Back to the question, what kind of mechanism is OOM killer in Linux? When will it jump out and choose those processes to start.

When do I jump out?

First, let's look at the first question. When will it jump out. Does it jump out when malloc returns NULL? No, there is a paragraph in the manpage of malloc:

By default, Linux follows an optimistic memory allocation strategy.
This means that when malloc () returns non-null there is no guarantee
That the memory really is available. This is a really bad bug. In
Case it turns out that the system is out of memory, one or more processes
Will be killed by the infamous OOM killer. In case Linux is
Employed under circumstances where it wocould be less desirable to suddenly
Lose some randomly picked processes, and moreover the kernel version
Is sufficiently recent, one can switch off this overcommitting
Behavior using a command like:

# Echo 2>/proc/sys/Vm/overcommit_memory

The above section tells us that the non-null pointer returned by malloc in Linux does not necessarily mean that the memory to be pointed to is available. In Linux, the program can apply for more memory than the available system memory, this feature is called overcommit. This is to optimize the system, because not all programs apply for memory and use it immediately. When you use it, the system may have recycled some resources. Unfortunately, when you use the overcommit for your memory and the system has no resources, oom killer jumps out.

There are three overcommit policies in Linux (refer to the kernel documentation: Vm/overcommit-accounting), which can be configured in/proc/sys/Vm/overcommit_memory. Take values 0, 1 and 2. The default value is 0.

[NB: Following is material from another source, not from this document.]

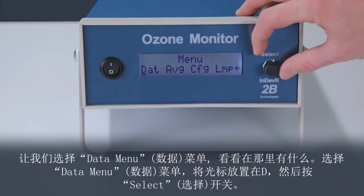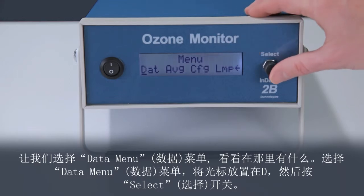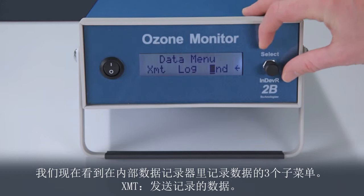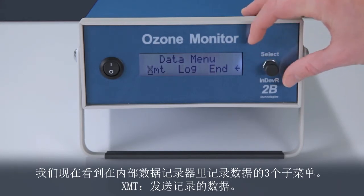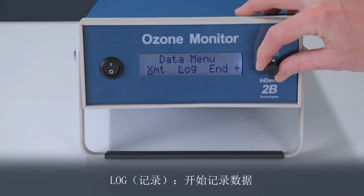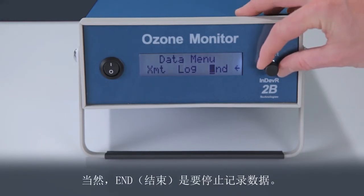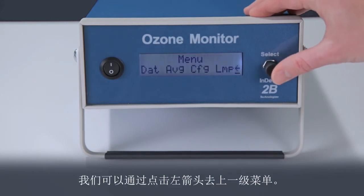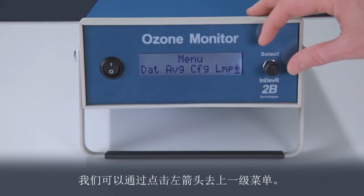Let's select the data menu and see what's there. To select the data menu, place the cursor over the D in DAT and press the select switch. We now see the three submenus for logging data in the internal data logger: XMT is for transmitting log data, LOG is to start logging data, and AND is to stop logging the data. We can click on the left arrow to go one level up in the menu.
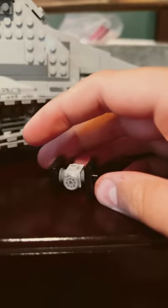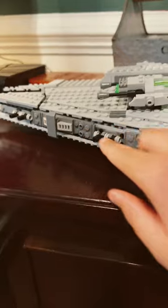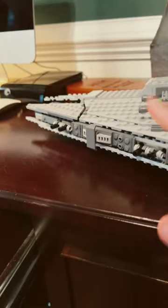Onto the ship — right here has a little compartment for a TIE Fighter. Right here has three engines. Right here you're able to turn around this and shoot these. Right here are some turrets.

0: heuristic strategy. A serious overcommit will not be able to succeed. For example, you suddenly applied for TB of memory. A slight overcommit will be allowed. In addition, the value of root overcommit is slightly higher than that of normal users.

1: Always allow overcommit. This policy is suitable for applications that cannot withstand memory allocation failures, such as some scientific computing applications.

2: overcommit is always disabled. In this case, the memory allocated by the system will not exceed the swap + Ram * coefficient (/proc/sys/Vm/overcmit_ratio, 50% by default, you can adjust). If so many resources are used up, any subsequent attempt to apply for memory will return an error, which usually means no new programs can be run at this time.

Supplement (to be verified): In this article: Memory overcommit in Linux, the author mentioned that the heuristic policy takes effect only when the smack or SELinux module is enabled, in other cases, the policy is always allowed.

Select the process policy after jumping out.

Well, as long as overcommit exists, oom killer may jump out. So what is the target selection policy after OOM killer jumps out? What we expect is that useless and memory-consuming programs are shot.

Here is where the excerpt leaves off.